Off-topic discussion. Wanna talk about corsets, duct tape, or physics? This is the place. Detailed discussion of any current-season TV must be whitefonted.


brenda m - Sep 21, 2006 4:37:02 am PDT #9423 of 10001
If you're going through hell/keep on going/don't slow down/keep your fear from showing/you might be gone/'fore the devil even knows you're there

ION, Michael Jackson gets 15 years.

Um, not that one. This is the guy who murdered a cab driver outside my building over an $8 fare.


Fred Pete - Sep 21, 2006 4:55:47 am PDT #9424 of 10001
Ann, that's a ferret.

Happy Birthday, Sophia!

And an early Happy New Year to all Jewishistas!


sarameg - Sep 21, 2006 5:00:45 am PDT #9425 of 10001

People need to stop opening their mouths and talking.


JZ - Sep 21, 2006 5:05:25 am PDT #9426 of 10001
See? I gave everybody here an opportunity to tell me what a bad person I am and nobody did, because I fuckin' rule.

Happy birthday, Sophia! And happy New Year to the Jewishistas (lovely word, Fred!), and, yup, Nilly, you are absolutely right, Emmett enters double digits two days from today.

Sue, very sorry about the non-sleepy night, but the rest of your birthday sounds like it rocked out loud.

I have too much gronk to say anything else.


sarameg - Sep 21, 2006 5:15:21 am PDT #9427 of 10001

Um, I didn't mean here.


tommyrot - Sep 21, 2006 5:16:49 am PDT #9428 of 10001
Sir, it's not an offence to let your cat eat your bacon. Okay? And we don't arrest cats, I'm very sorry.

Birthday Happies for Sophia!!


tommyrot - Sep 21, 2006 5:20:34 am PDT #9429 of 10001
Sir, it's not an offence to let your cat eat your bacon. Okay? And we don't arrest cats, I'm very sorry.

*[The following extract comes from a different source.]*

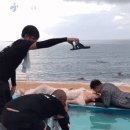 아모르코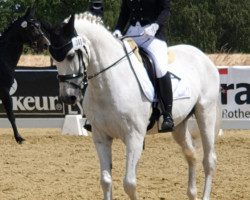 dressage horse Escapado VII (Pura Raza Espanola (PRE), 2004)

People need to stop opening their mouths and talking.

Check out my tagline. I once saw someone with a t-shirt that said that, which is so much funnier out of context.

For posterity:

"Information Gladly Given But Safety Requires Avoiding Unnecessary Conversation" - MUNI

eta: If any SFistas can find me this shirt, let me know....


Lee - Sep 21, 2006 5:25:21 am PDT #9430 of 10001
The feeling you get when your brain finally lets your heart get in its pants.

Happy Birthday Sophia!

Happy New Year Nilly!

Happy Botox ita!

I think I need the muni sign for my office.


tommyrot - Sep 21, 2006 5:30:19 am PDT #9431 of 10001
Sir, it's not an offence to let your cat eat your bacon. Okay? And we don't arrest cats, I'm very sorry.

Bay-area Craigslist ad:

I'll Fix Your Computer if You Let Me Feel Your Boobs - 26 (haight ashbury)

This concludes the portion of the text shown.